4        Martinez-Maza first contends that, when the State transferred custody of him to the INS, his sentence was effectively discharged and the State had no authority to reinstate the sentence when the INS released him from its custody.  His argument rests on the false assumption that he was no longer on parole when transferred to federal custody.  Although Martinez-Maza was not in the State’s physical custody, the federal detention did not interfere with the State’s legal custody over him as a parolee.  A person remains on parole, and therefore subject to revocation, until either the sentence expires or the Department of Corrections terminates the sentence by discharge.  Wis. Stat. § 302.11(6) (2005-06).[1]  Neither had occurred in Martinez-Maza’s case at the time of his revocation.

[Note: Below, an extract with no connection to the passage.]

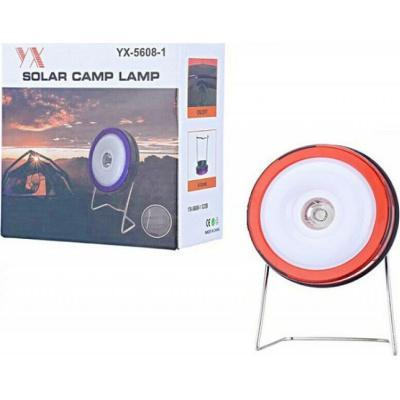 Energy Lamp Φανάρι Led Ηλιακό με Φακό 10cm Κόκκινο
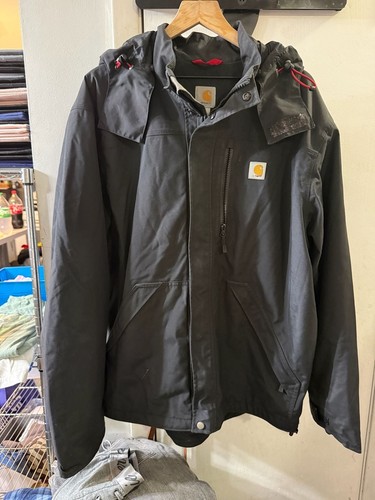Carhartt Storm Defender Shoreline Waterproof Breathable Hooded Jacket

5        We also conclude that the Division properly denied Martinez-Maza’s claim to sentence credit for his federal detention.  As the State points out, to receive credit against a sentence, an offender must be held in custody that is connected to the course of conduct for which sentence was imposed.  Wis. Stat. § 973.155(1)(a).  A person is “in custody” when subject to prosecution for escape under Wis. Stat. § 946.42.  Thorson, 274 Wis. 2d 1, ¶¶17-18.  Because the State could not have prosecuted Martinez-Maza had he escaped from his federal detention, he was not “in custody” for purposes of Wisconsin’s sentence credit statute.  See id., ¶29.  Additionally, while Martinez-Maza’s 1989 Wisconsin conviction triggered the INS detention by virtue of federal law, that fact does not connect the federal detention to Martinez-Maza’s Wisconsin course of conduct for sentence credit purposes.  Detention under federal immigration law is a civil confinement.  See United States v. Restrepo, 999 F.2d 640, 646 (2nd Cir. 1993).  Our supreme court has held that a civil confinement deriving from criminal conduct is not a confinement “in connection with” that conduct under § 973.155(1).  See Thorson, 274 Wis. 2d 1, ¶¶30-38.

6        The respondent has identified and discusses a Minnesota case that arguably supports Martinez-Maza’s claim for sentence credit, State v. Hadgu, 681 N.W.2d 30 (Minn. Ct. App. 2004).  Martinez-Maza does not cite the case in his brief, and we agree with the respondent that Hadgu was wrongly decided.

            By the Court.—Order affirmed.

            This opinion will not be published.  See Wis. Stat. Rule 809.23(1)(b)5.

 

 


 



[1]  All references to the Wisconsin Statutes are to the 2005-06 version unless otherwise noted.